France's problems actually derive less from a 19th-century German than from a 17th-century Frenchman. Lagarde works in an office complex with portions named for Jean Monnet and Robert Schuman, two 20th-century French pioneers of Europe's path to a single market. But another portion is named for Jean-Baptiste Colbert (1619-83). On behalf of Louis XIV, Colbert practiced mercantilism, using subsidies, tariffs, price controls and other regulations to manage the economy. The French tradition of dirigisme -- pervasive state intervention in the economy and society -- lives.

Two years ago Le Figaro newspaper inveighed against "the American ogre" Pepsi, which was interested in buying Danone, the yogurt and bottled water (Evian) company. Practicing "patriotisme economique," Sarkozy, then a Cabinet minister, urged mobilization of Danone shareholders to block the sale.

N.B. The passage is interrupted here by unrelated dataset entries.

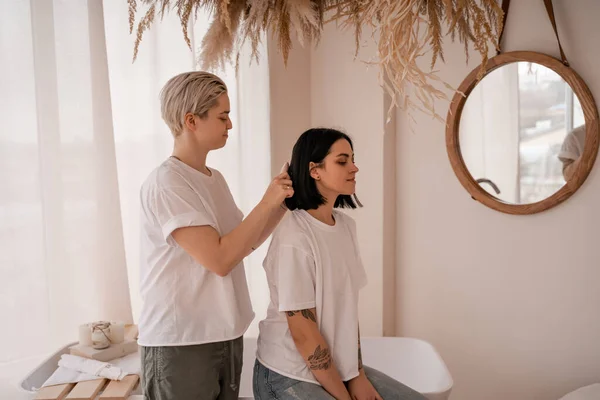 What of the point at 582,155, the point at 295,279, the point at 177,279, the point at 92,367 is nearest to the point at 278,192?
the point at 295,279

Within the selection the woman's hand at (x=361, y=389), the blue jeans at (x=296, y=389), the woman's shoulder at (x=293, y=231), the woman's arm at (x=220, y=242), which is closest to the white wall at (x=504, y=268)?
the blue jeans at (x=296, y=389)

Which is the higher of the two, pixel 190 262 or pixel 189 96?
pixel 189 96

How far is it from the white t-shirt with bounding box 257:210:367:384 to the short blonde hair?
1.16 feet

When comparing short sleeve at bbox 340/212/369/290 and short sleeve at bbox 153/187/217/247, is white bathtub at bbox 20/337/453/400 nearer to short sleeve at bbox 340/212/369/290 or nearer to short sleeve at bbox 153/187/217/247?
short sleeve at bbox 340/212/369/290

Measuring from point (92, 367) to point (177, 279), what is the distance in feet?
2.21

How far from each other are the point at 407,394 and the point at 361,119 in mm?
1565

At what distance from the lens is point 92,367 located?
5.93ft

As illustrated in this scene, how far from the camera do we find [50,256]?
2051mm

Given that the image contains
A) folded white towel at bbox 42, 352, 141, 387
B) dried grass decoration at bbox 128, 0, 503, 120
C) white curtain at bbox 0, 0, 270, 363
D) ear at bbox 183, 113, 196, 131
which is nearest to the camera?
dried grass decoration at bbox 128, 0, 503, 120

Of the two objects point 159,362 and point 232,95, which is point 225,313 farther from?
point 232,95

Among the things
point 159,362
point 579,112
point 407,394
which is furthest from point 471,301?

Such "patriotism" aggravates France's social sclerosis, and is inimical to Europe's project for burying its "terrible past." In 1951, war-weary Europe, groping toward transcendence of nationality and hence the furies of nationalism, created the European Coal and Steel Community, an attempt to weaken control by nations of two primary commodities for their war machineries. This was the tentative first step toward today's European Union, which limits -- although not nearly enough -- the ways states can intervene in markets.

These limitations serve Lagarde's project of prying the fingers of politics off vast swaths of the economy. She favors slashing inheritance taxes and preventing any person from paying more than 40 percent of income in total taxation. One index of her success would be decreased emigration by young college graduates, driven abroad by the fact that French unemployment has not been below 8 percent in 25 years. Since, that is, 1982, when President Francois Mitterrand, a socialist, was keeping his 1981 campaign promise to "break with the logic of profitability."

Another French citizen with deep understanding of America warned about France's "regulating, restrictive administration which seeks to anticipate everything, take charge of everything, always knowing better than those it administers what is in their interests." So wrote Alexis de Tocqueville 150 years ago, defining France's problem and Lagarde's challenge.